Manchester is a dev skills bubble just now, no doubt about that.
In the 7 years I have been here the top level advertised salary for a senior C# dev has risen from about £35-40k to about £60-£70k. Obviously some of those are speculative CV-harvesting operations, but from discussions I have had there are clearly a lot more jobs around, and better paid ones at that.
While that is great news for me as a seller of technical skills, it also presents some challenges as someone who leads other people to deliver the work that I have to. How so? Well, when I was recruiting developers in my Manchester role in 2012 we could be a bit choosy about how often a candidate switched jobs. We could worry that she or he may not stay long enough to get to speed and earn their salary. In fact in my second role we anticipated that, given the complexity of the system, if someone was fully effective in six months that was a good result.

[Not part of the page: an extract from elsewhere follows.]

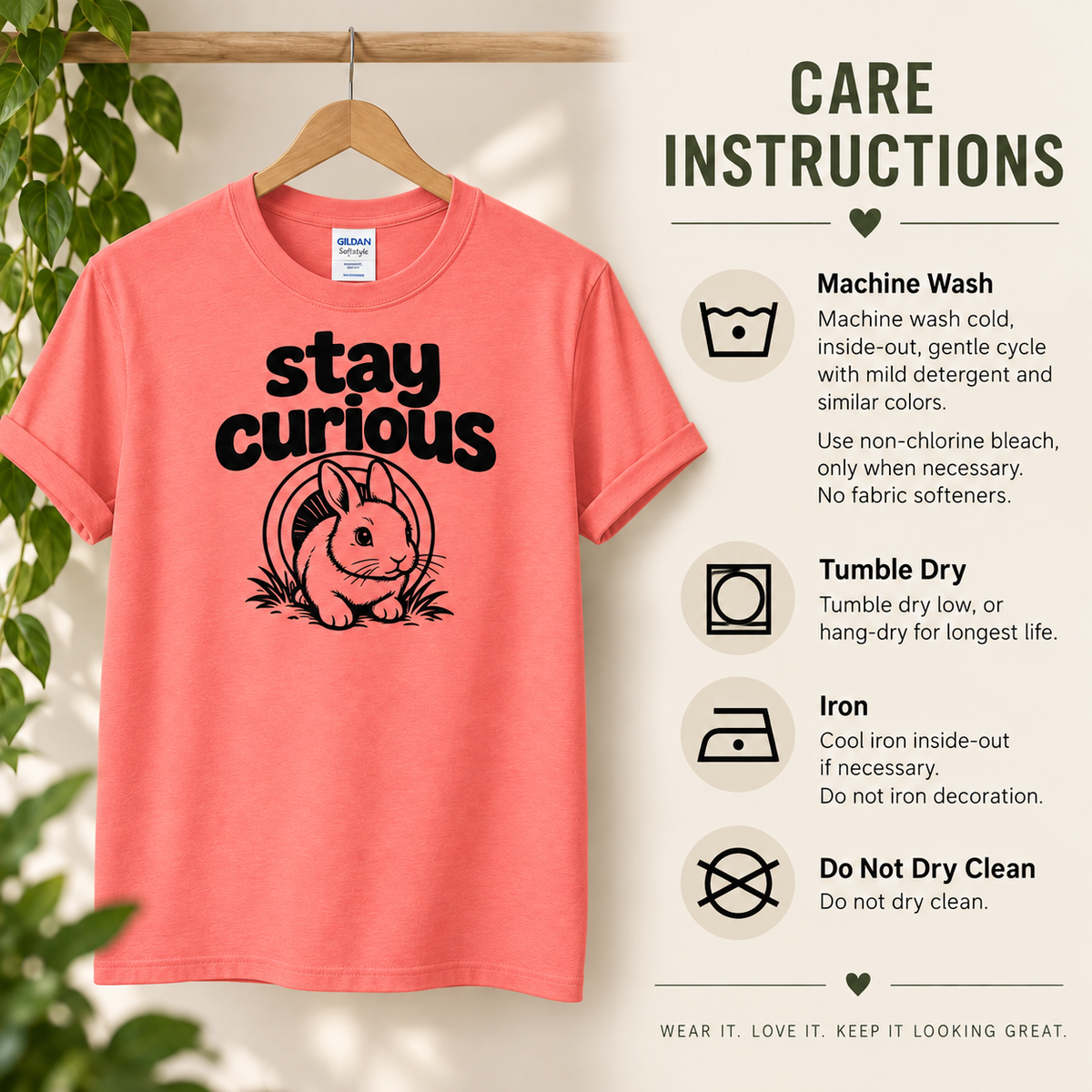 Stay Curious Rabbit Shirt, Funny Bunny T-Shirt, Rabbit Lover Gift, Cute Bunny Tee, Pet Rabbit Owner Shirt, Animal Lover Gift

The problem is that in today's hot market good devs can be tempted away after not so long in a role. They can afford to be fickle. Because other employers are so (let's not say "desparate") "keen" to fill vacancies, people can leave after a relatively short time in their current role. If we want to fill empty seats we cannot be as choosy as once we (or at least my then-manager and I) were.
The flip-side is that as a purchaser of skills I cannot afford to let someone take 12 months to earn their salary, as if they leave within two years (which seems about a 20%-33% chance at the moment) then we will not have covered our costs.
The only way to mitigate this is to structure systems more simply.
Sure, we've always wanted to do that haven't we?
Yes, but to add to the message pressing for this: ease of maintenance, ability to rotate staff through, easier debugging, we now need to add the economic reality that if we can't get staff up to speed quickly then we're going to risk losing money on employing them.
So more than ever the classic messages of decoupled architectures and TDD have a key role to play to onboarding team members and getting them productive.
In my first .net role in 2006 it was six weeks before I worked on code that made it into the Production release. This week a new starter (with 2.5 years in the industry) had written code (and unit tests) which was in Prod by the end of his second day. The level of test coverage gives confidence that the change is safe and the new starter can start to earn their salary straight away.
While succession planning helps to mitigate the impact of the departures and compnay culture should help to prevent, structuring the code so that devs are productive from the get-go is crucial.